**SUPPLIED ENTRIES:**
▼

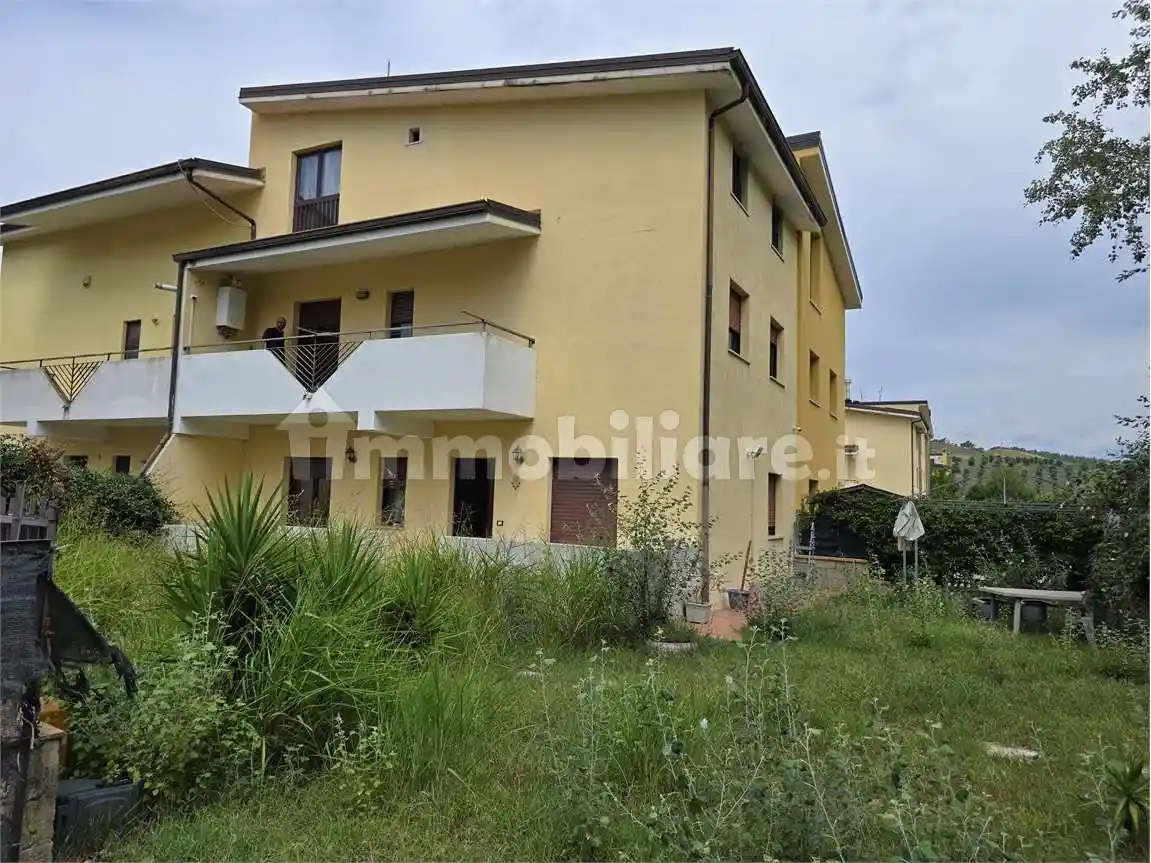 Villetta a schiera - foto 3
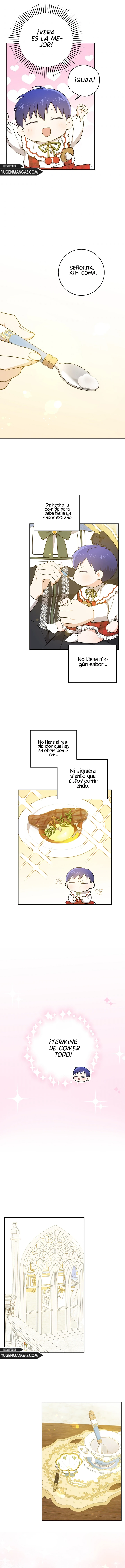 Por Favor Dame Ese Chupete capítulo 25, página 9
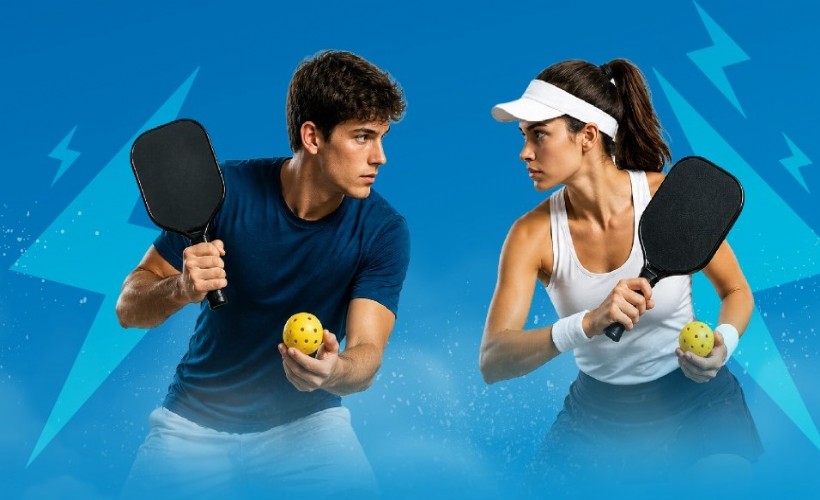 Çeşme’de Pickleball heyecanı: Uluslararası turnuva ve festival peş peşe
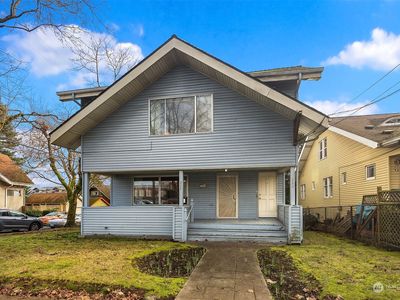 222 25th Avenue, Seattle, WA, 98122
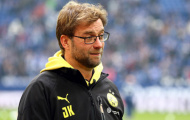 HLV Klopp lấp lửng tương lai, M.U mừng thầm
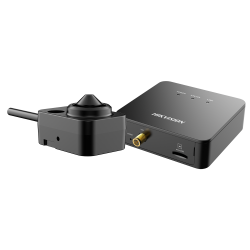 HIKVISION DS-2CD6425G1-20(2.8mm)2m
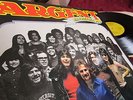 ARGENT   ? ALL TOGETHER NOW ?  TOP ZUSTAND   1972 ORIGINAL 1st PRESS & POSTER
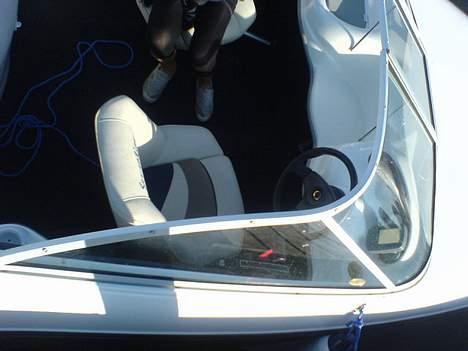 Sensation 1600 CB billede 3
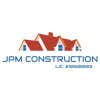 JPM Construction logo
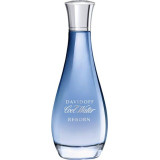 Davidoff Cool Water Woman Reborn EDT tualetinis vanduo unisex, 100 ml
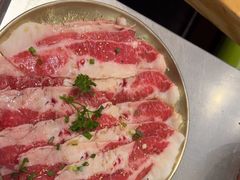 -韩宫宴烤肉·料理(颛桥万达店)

▲
▼

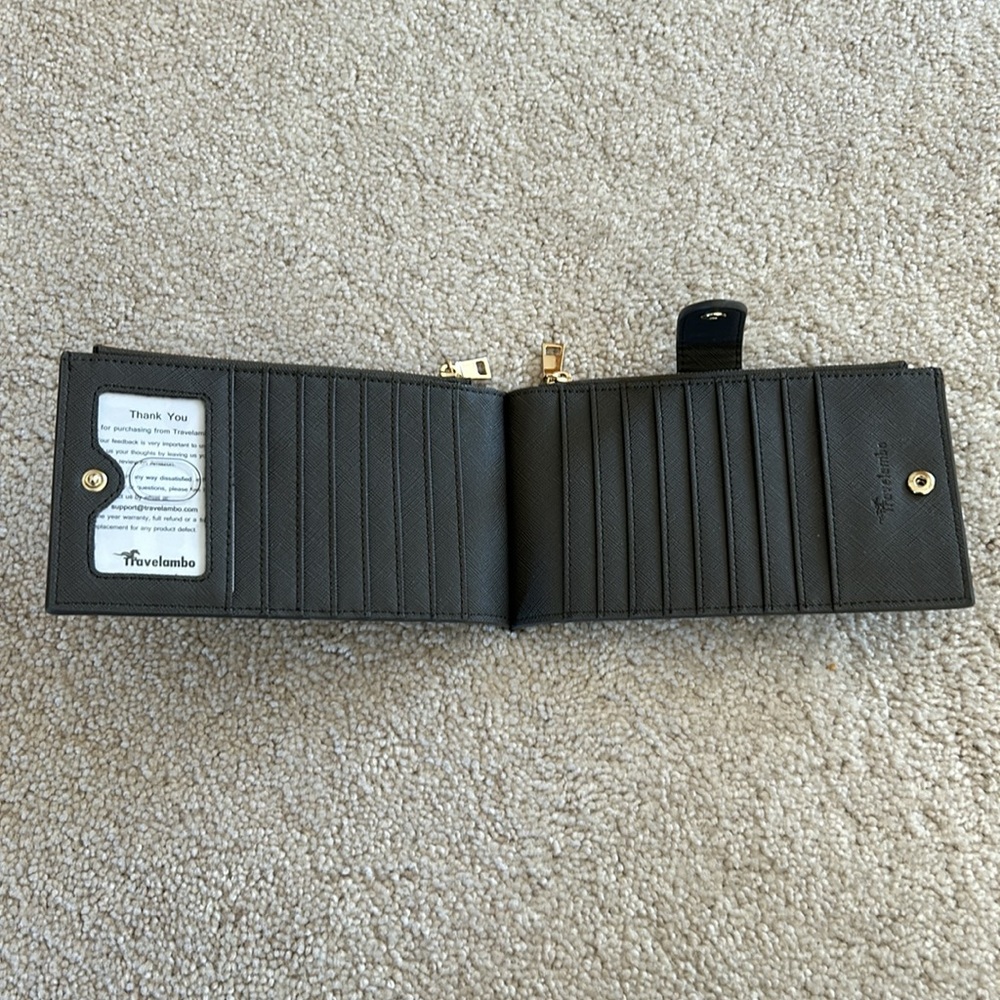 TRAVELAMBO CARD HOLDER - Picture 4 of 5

▲
▼

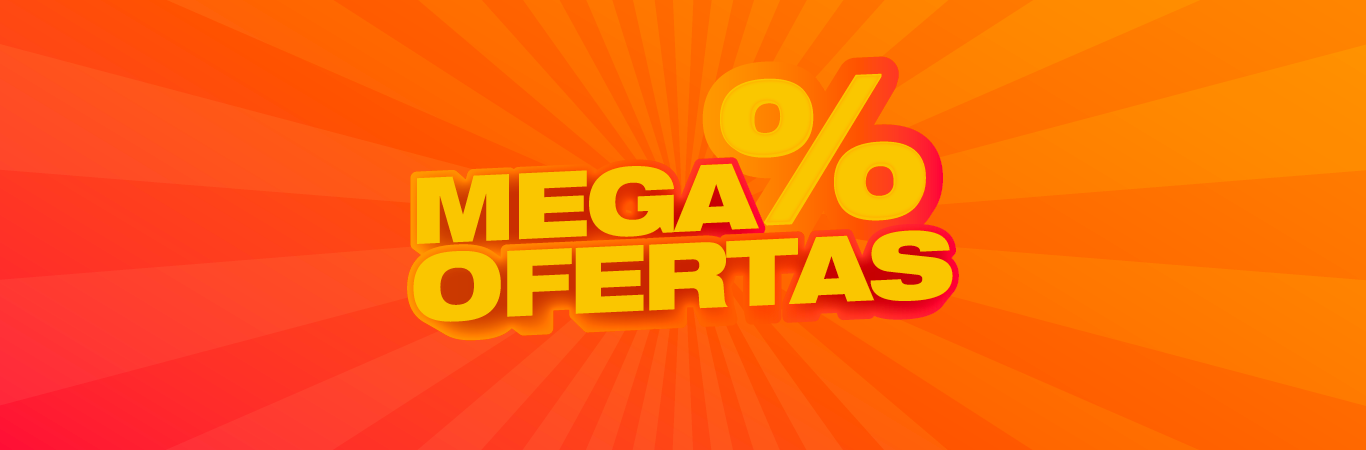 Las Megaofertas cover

▲

**TASK DESCRIPTION:** Though the entries above contain pictures, none should be copied; reproduce only the lines between the one holding "JPM Construction logo" and the one holding "-韩宫宴烤肉·料理(颛桥万达店)", inclusive, exactly as written.

**TASK RESPONSE:**
 JPM Construction logo
 Davidoff Cool Water Woman Reborn EDT tualetinis vanduo unisex, 100 ml
 -韩宫宴烤肉·料理(颛桥万达店)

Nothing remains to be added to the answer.